徒然日記その136. 最近の大学:入学後の学力テスト??  (4/1)

 最近、テレビや新聞でよく目にするのが「大学に入ってからの再教育」である。入学してきた生徒に、大学の授業についていくための基礎学力が不足していることが理由。しかし、ちょっと待って欲しい。「入学試験に合格した生徒」に基礎学力が不足しているってヘンだと思いませんか?自分で自分の「入学試験は意味がない」と言っているに等しいと感じるのは私だけではあるまい。そもそも入学試験とは、その学校で学んでいく力(学力)をみるためにあると思うのだが。

 入学試験は、定員よりも多い受験生を振り落とすために行われるという一面もあった。だから、意味無く難解な入試問題がはびこってきたのである(これは以前に書いたことだ)。ところが、最近は状況が変わってきたようなのだ。これは、とくに人気の低い大学で顕著なようである。「これ」とは何かというと、「受験生が集まらないこと」である。定員割れするほどでないにしても、レベルを維持するのに十分な受験生が集まらないのだ(レベルを維持するのに最低限必要な倍率は、見かけ倍率ではなくて実質倍率で2倍以上だと思う)。競争率(倍率)が低いから、本来入学させたくない受験生まで合格させざるを得なくなる。だから、入学してきた学生のレベルは前述の通りなのだ。

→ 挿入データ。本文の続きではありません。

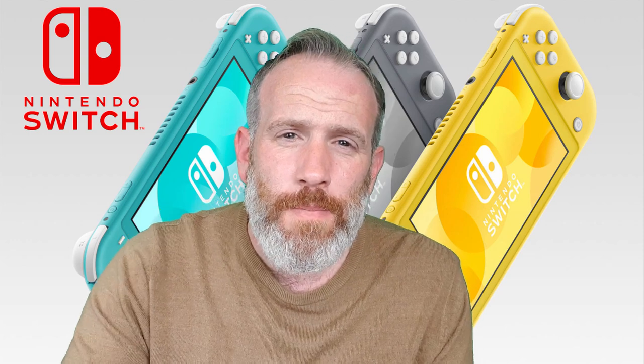Nintendo has announced a new Nintendo Switch called the Nintendo Switch Light. We're going to go through the key differences, the key upgrades, just the key points. I'm going to call this video 'The No Switch Switch' — the No Switch Nintendo Switch.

 一度こういうことをした大学は、かなり混乱するようである。それを反省してかどうか、あえて定員いっぱい合格さないところも出てくるようだ(ボーダーラインの変動の大きい大学はそういうことをした可能性がある。合格者数を年ごとに比較すると面白いかも)。

 また、一部の大学は、高校側にも問題があると見ているようだ。入学時に、高校でどの科目を履修したか(例えば、「数学」というのは「教科」であって、I,II,III,A,B,C などが「科目」である)、どの程度理解したかを詳細に調査している大学もあるようだ。確かに、受験に必要ない科目の時間を削って必要な科目の時間数を大幅に増やしている私立高校もある(高2から数学の時間が全然ないという、信じがたいカリキュラムもある)。もっとも、受験に必要な教科を少なく設定している大学側にも責任があるといえようが。そして、なぜ受験教科・受験科目を少なく設定するかと言えば、受験生が集まらないからである。こうして見ると、一部の大学は(一部を除いた大学だったりして)、自分で自分の首を絞める悪循環に陥っているようにも見えてくる。さらに、なぜそんな悪循環が始まるかという本質的な理由を考えてみると、要するに子供の数に比べて大学が多すぎるのだ。この少子化の時代に大学の数はどんどん増えているんだから、そうなるのは明らかである。しばらくは、そうした"負け組大学"の淘汰が続くのであろう。